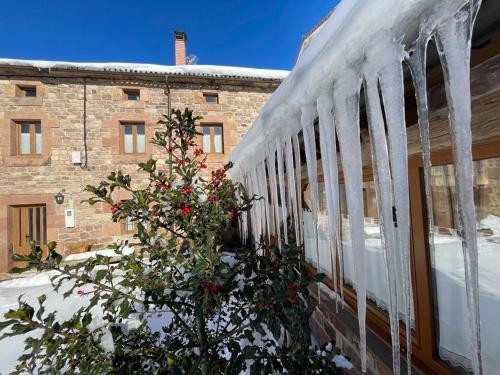 a snow covered train with a tree in front of a building at El Rincón de Golobar en Brañosera in Brañosera
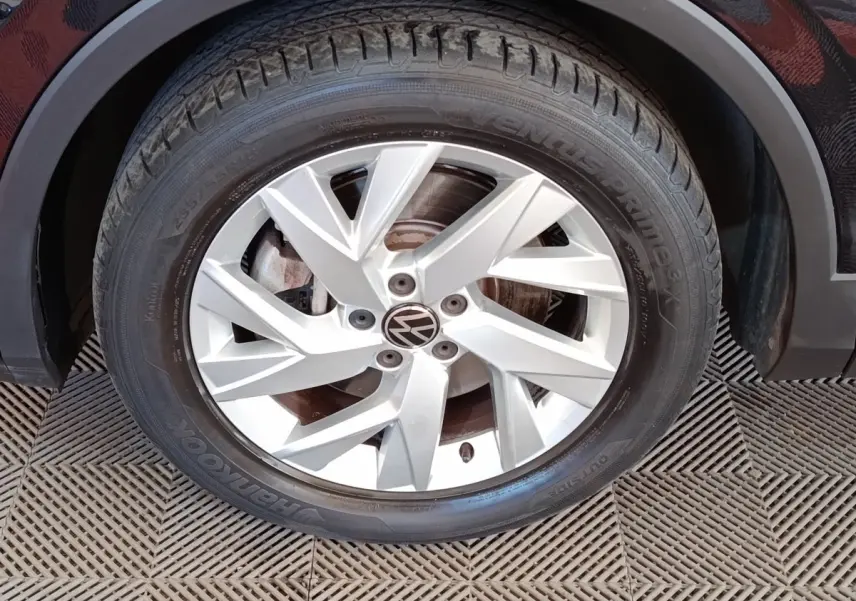 Gros plan sur la roue avant droite du Volkswagen Tiguan noir, mettant en valeur la jante alliage argentée à cinq branches doubles.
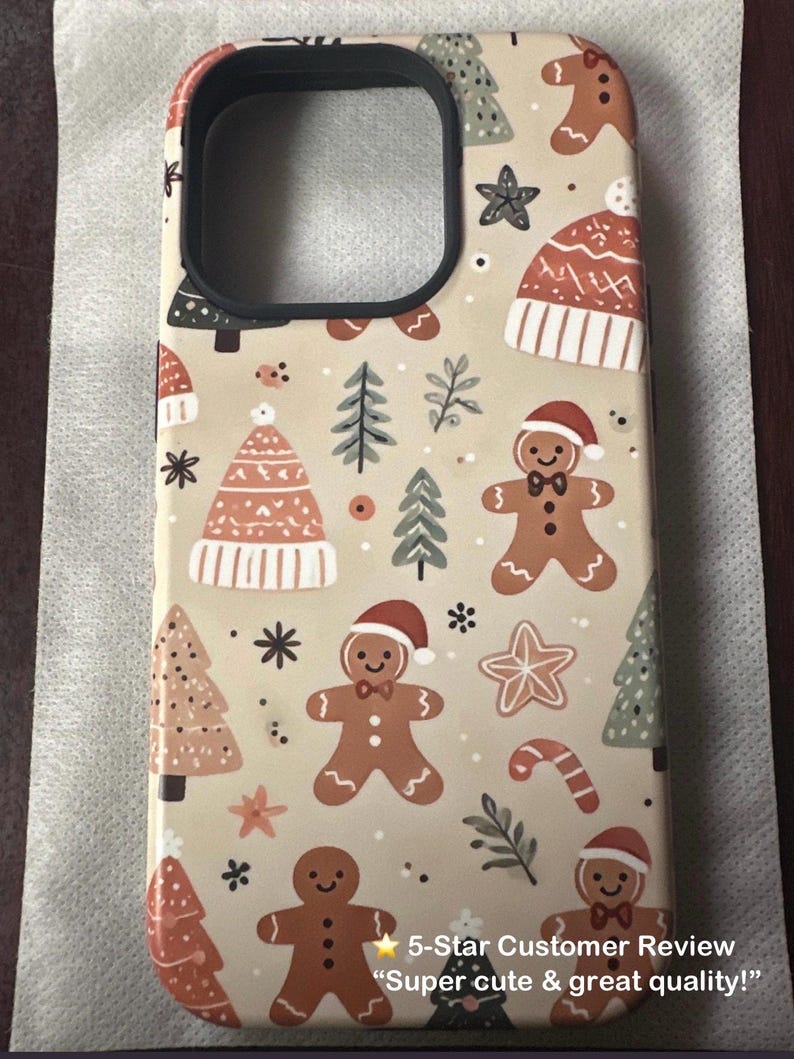 Real customer photo showing the Pastel Gingerbread Christmas Phone Case in beige tones. Cute festive design with gingerbread men and Christmas trees.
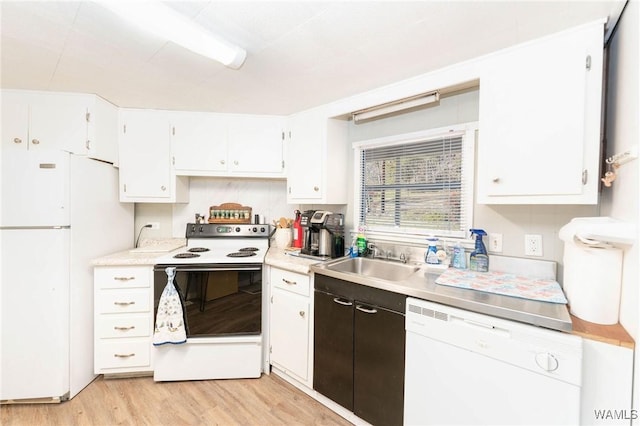 kitchen with white cabinetry, sink, white appliances, and light wood-type flooring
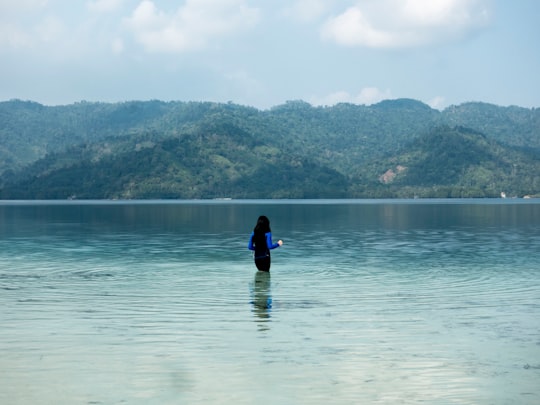 person in black wet suit on body of water during daytime in Pulau Balak Malaysia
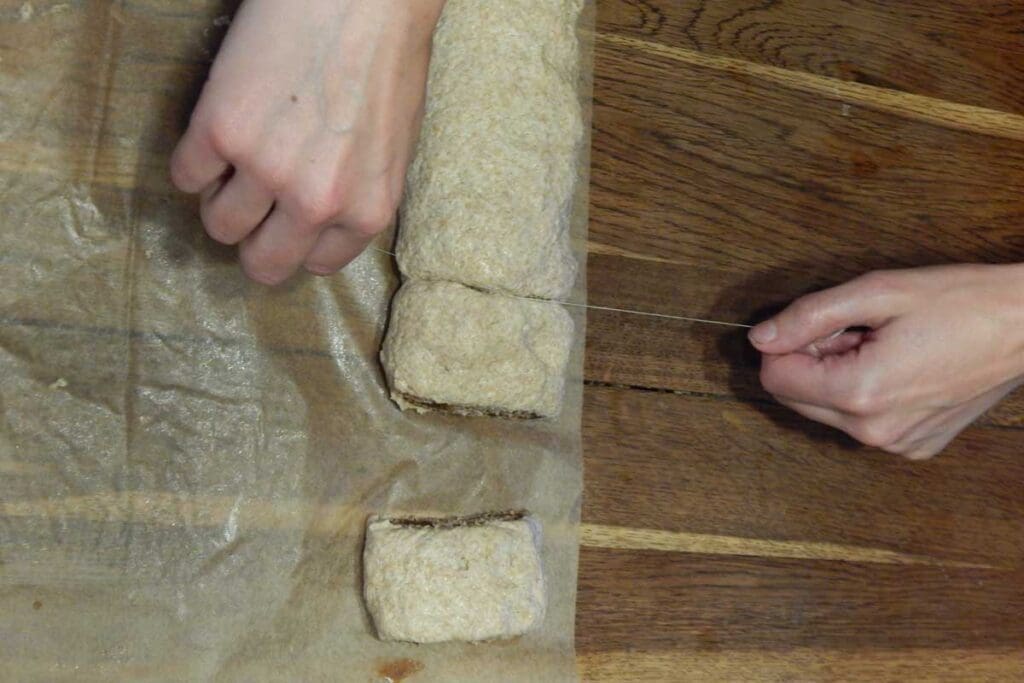 Cutting the cinnamon log into sections.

----------------------------------------

Leave out the pictures, and retype exactly the lines from the one containing "Gros plan sur" through the last line of the data above, no more and no less.

 Gros plan sur la roue avant droite du Volkswagen Tiguan noir, mettant en valeur la jante alliage argentée à cinq branches doubles.
 Real customer photo showing the Pastel Gingerbread Christmas Phone Case in beige tones. Cute festive design with gingerbread men and Christmas trees.
 kitchen with white cabinetry, sink, white appliances, and light wood-type flooring
 person in black wet suit on body of water during daytime in Pulau Balak Malaysia
 Cutting the cinnamon log into sections.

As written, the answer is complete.